Das beste ist, das sie schreiben, das man auf mehrere Zahlungsaufforderungen und Mahnscheiben nicht reagiert hätte.
ICH habe gar keine Schreiben bekommen.
Anscheinend kam das letzte Mahnschreiben am 5.11.08 mit dem Aktenzeichen ***4732.
Und nun sollen wir 90,72 € zahlen.

Brauch Hilfe!!

Danke Casi


----------



## FriedhelmB (10 Dezember 2008)

*AW: Probenking.de auferstanden? / Inkassounternehmen Prodefacto*

Hallo!
Ich kann auch nur empfehlen ausführliche Unterlagen anzufordern, per Fax (Faxnachweis) oder per Einschreiben. Vorher würde ich nichts unternehmen und mich nicht verrückt machen lassen.

Die Punkte die ich angefordert habe:
- Anmeldedaten zur Person / Namen und Anschrift / Email Adresse

- Anmeldedatum und Kennwort (wenn Daten per Mail verschickt wurden, wann?)

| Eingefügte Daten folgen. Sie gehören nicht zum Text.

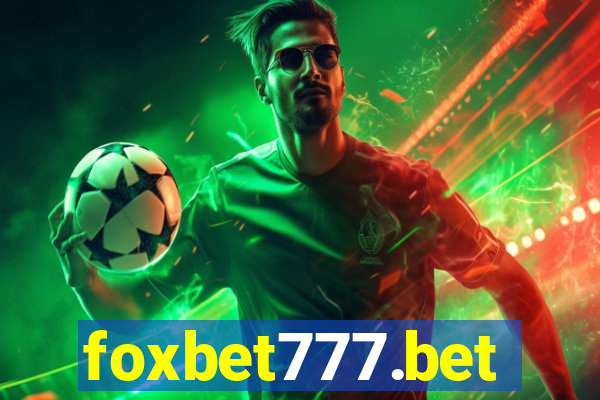 foxbet777.bet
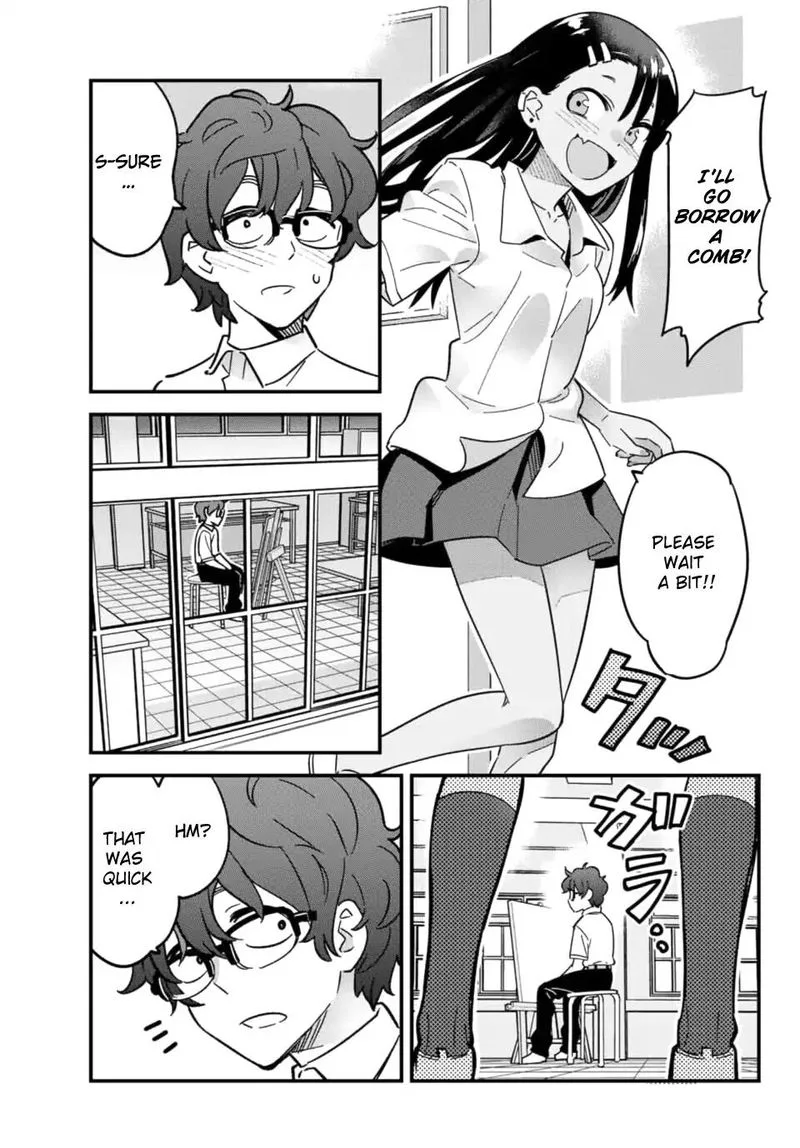 Please Don't Bully Me, Nagatoro Chapter 16 page 9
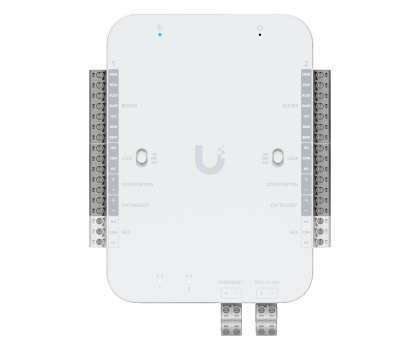 Centralka Smart Home Ubiquiti UA-Retrofit-Hub Kontroler UniFi Access Retrofit Hub
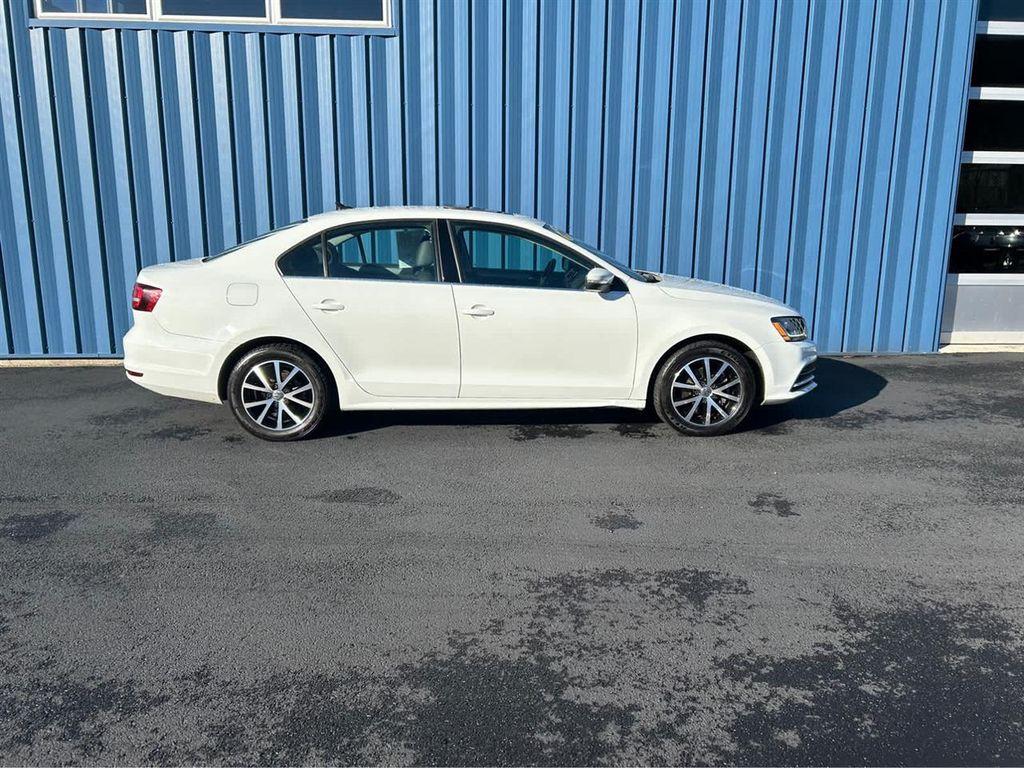 used 2017 Volkswagen Jetta car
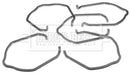 Borg & Beck Horseshoe Clip Part No -BHC2007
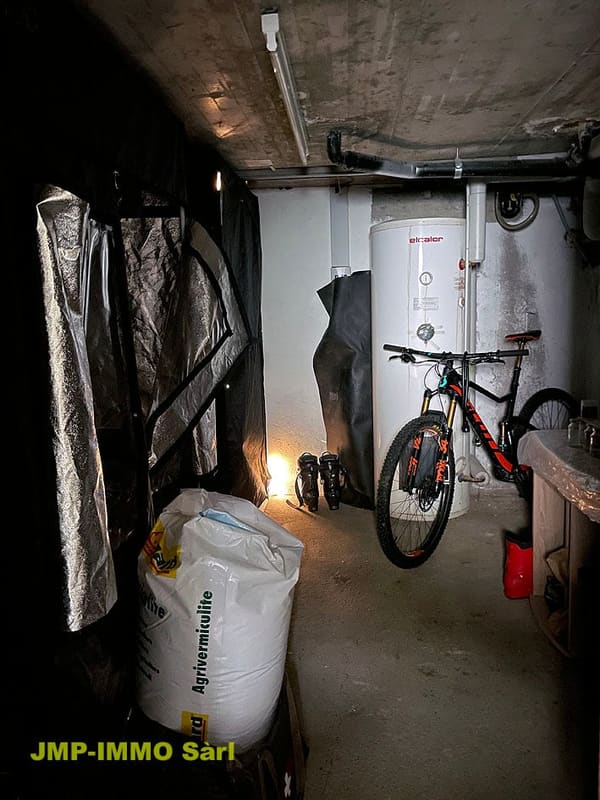 Immobilie in Miège - À Saisir au coeur du village de Miège - Bild 21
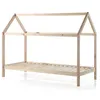 Image de Vipack Dallas Lit LP 90x200cm Naturel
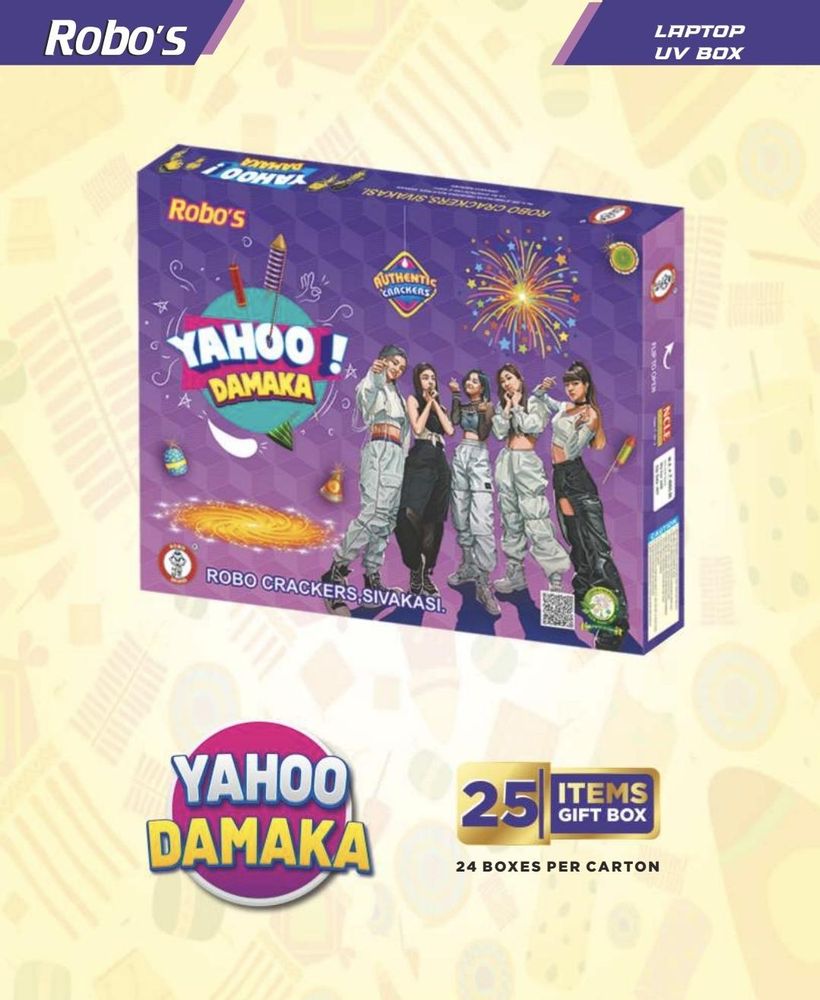 YAHOO! 25 items YAHOO! 25 items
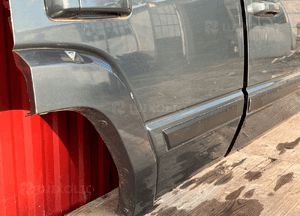 Jeep commander xh xk drzwi prawy tył oryginał ładne 9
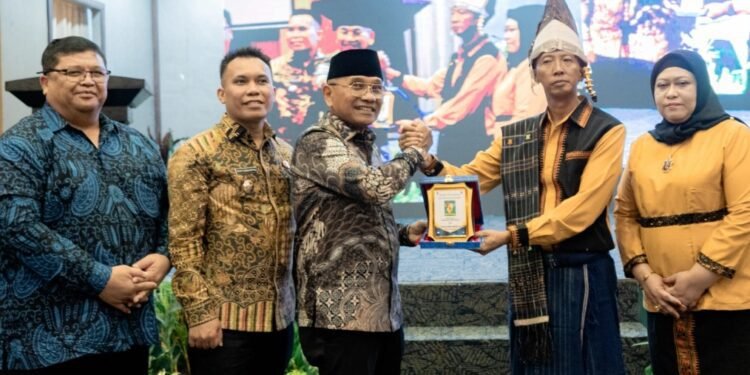 Ketua TP PKK Simalungun Hadiri Jambore Kader PKK Se-Sumut: Komitmen Wujudkan Keluarga Sejahtera dan Mandiri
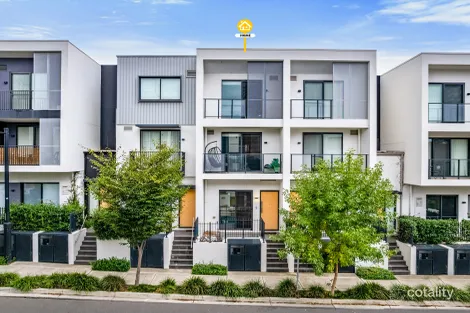 Property photo of 22 Carnegie Street Edmondson Park NSW 2174
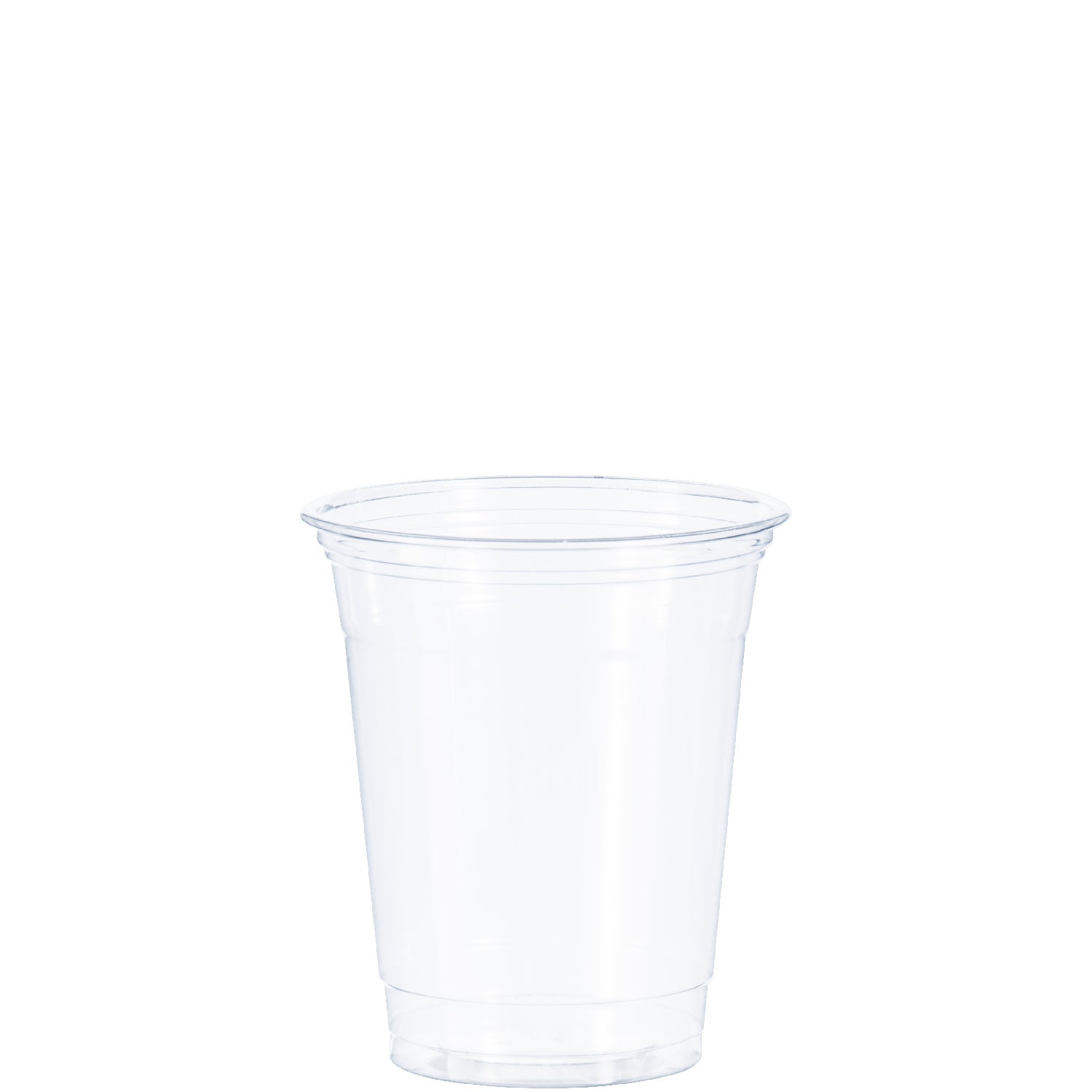 Cup Plastic Clear 12 oz. Squat - 20 x 50 count - Dart Container - Packaging and Accessories - Restaurant Supplies and Equipment - Canadian Distribution-1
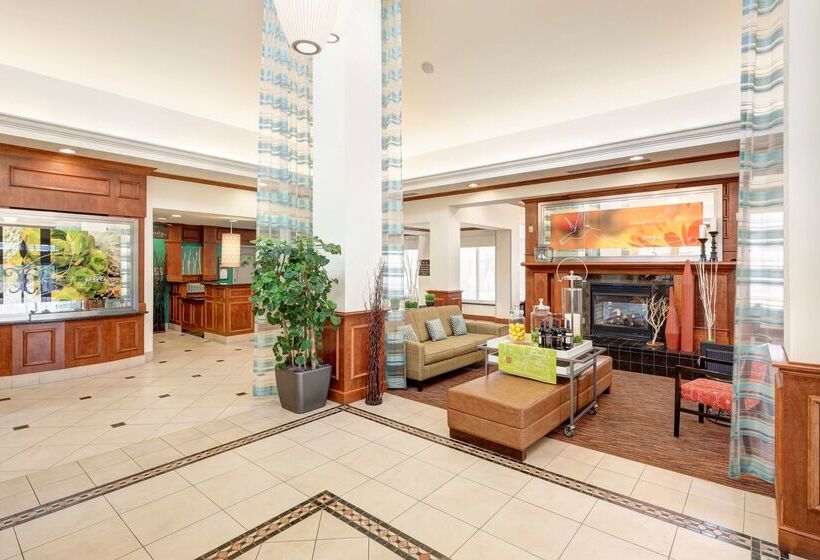 هتل Hilton Garden Inn Austin North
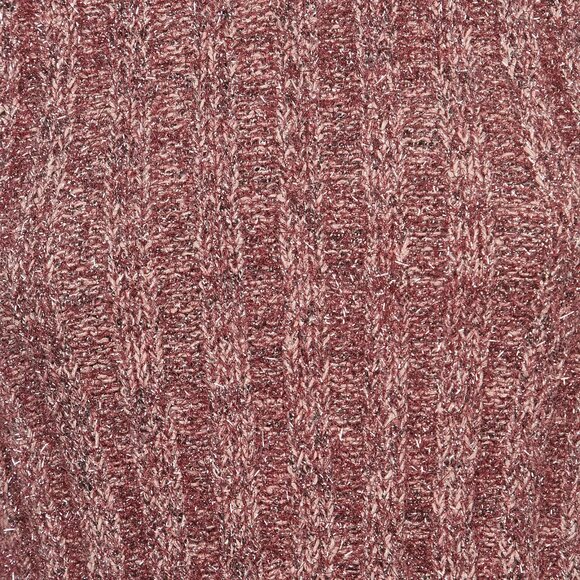 Ganni Metallic Ribbed Knit Vest Size L - Picture 6 of 6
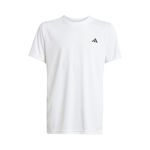 adidas Bekleidung adidas Club T-Shirt Kinder-Wei&szlig;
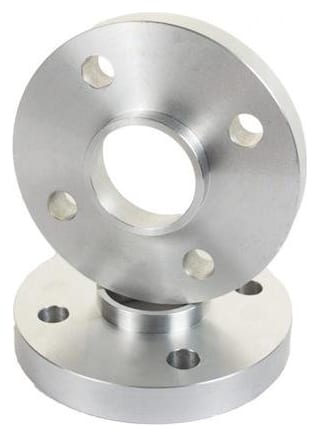 Dystanse Czarne 20mm 65,1mm 5x108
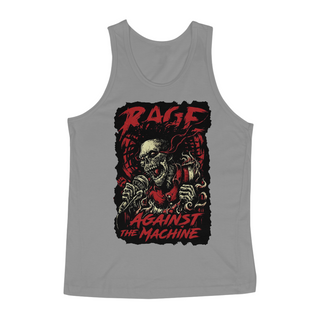 Nome do produtoCamiseta Regata - Rage Against The Machine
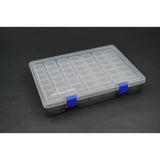 Koswork 7x7 Parts Box 245x175x38mm (49 compartments, 7 each row)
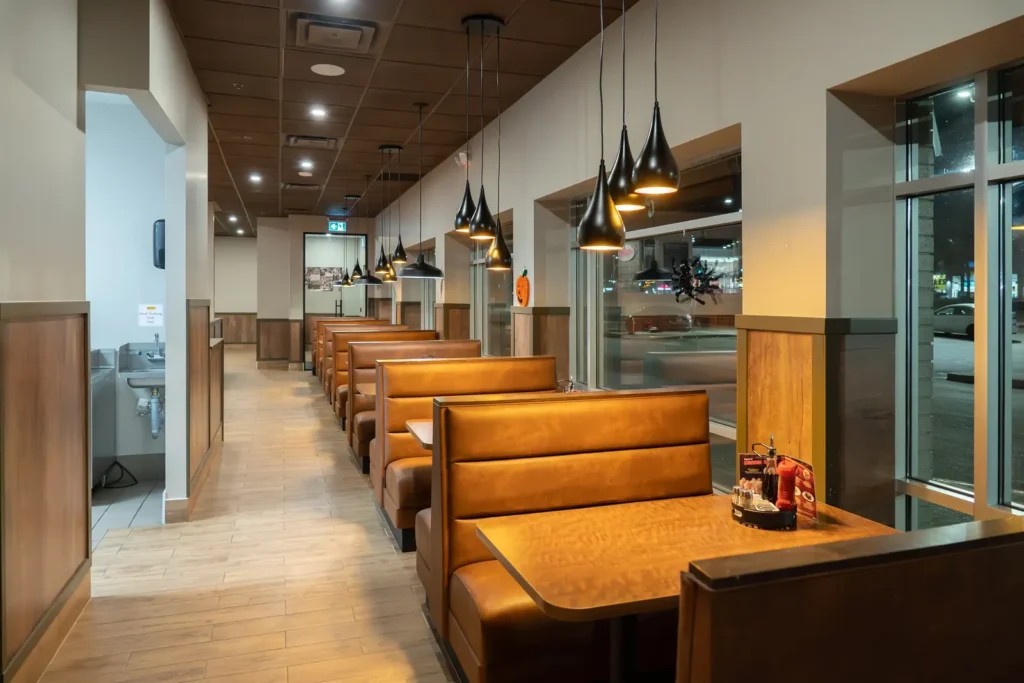 Denny's — 4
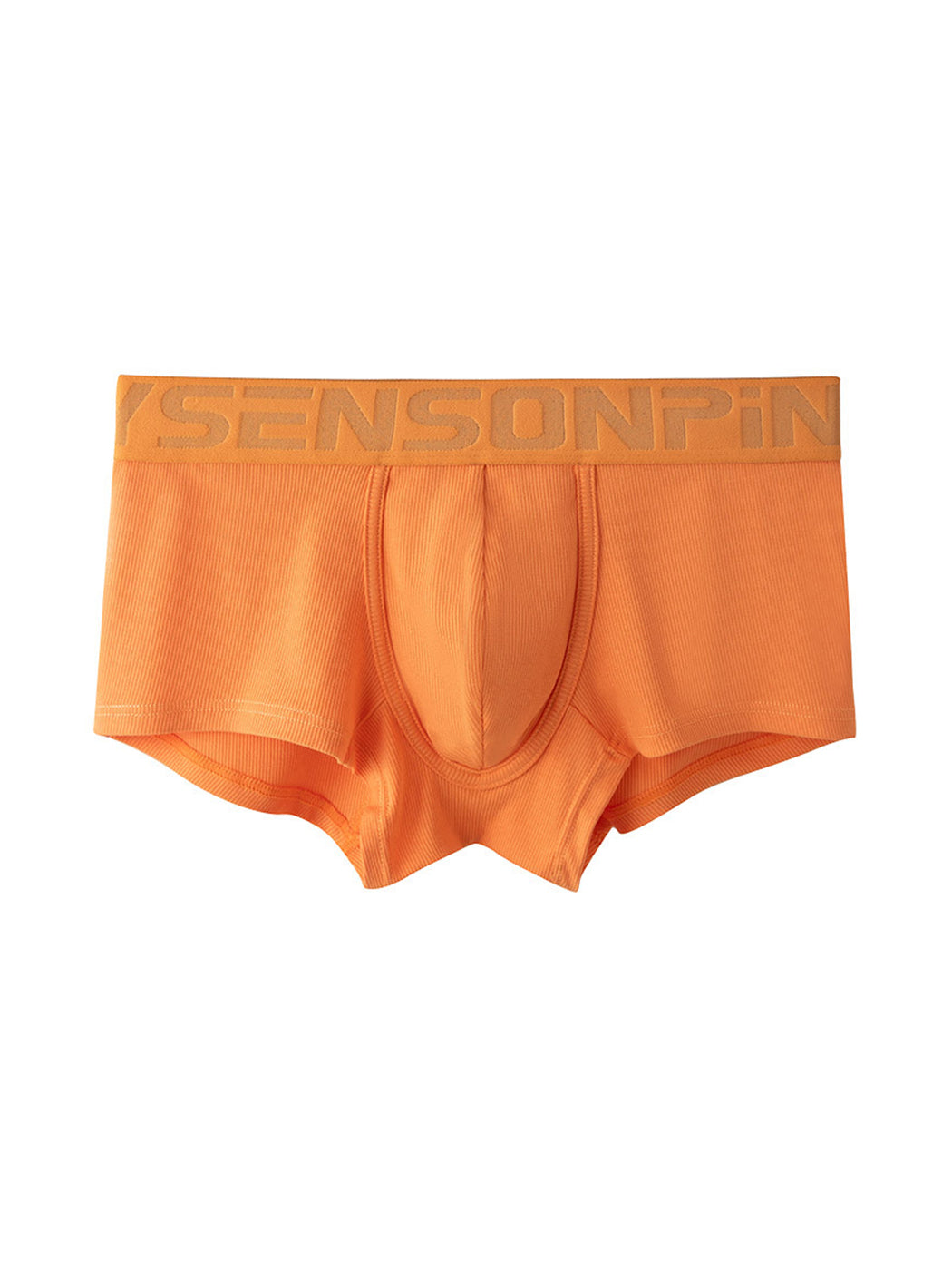 2 Pack Men's Breathable U Pouch Modal Trunks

- Datum der Anmeldung und die angebliche Nutzung des Accounts (Einlogdaten)
  - IP Nummer und Datum zum Zeitpunkt der Anmeldung
  - IP Nummern und Datumsangabe zu der angeblichen Nutzung des Accounts

- Die Bankverbindung die bei der Anmeldung angeben wurde, und angeblich nicht
  belastet werden konnte.

- Wann versucht wurde angebliche Briefe / Schreiben / Mails an mich Versand wurden.
  Wenn überhaupt dann mit konkreten Angaben sprich Datum und Anschrift und jeweils
  eine Kopie von den Schreiben.

Tschau Friedhelm


----------



## zublödaberauch (7 Januar 2009)

*AW: Probenking.de auferstanden? / Inkassounternehmen Prodefacto*

Hallo,

ja, ich denke "die" sind auferstanden.
Ich habe ende November und heute ein Schreiben von Prodefacto bekommen. 
Zwischendurch gab es auch einen Anruf von "CMI Inkasso", die machen lt. deren Webseite telefonisches Inkasso. Ich habe denen gesagt, die möchten doch bitte einen Mahnbescheid schicken wenn Sie meinen von mir Geld bekommen zu wollen. Danach war das Gespräch recht schnell beendet :sun: .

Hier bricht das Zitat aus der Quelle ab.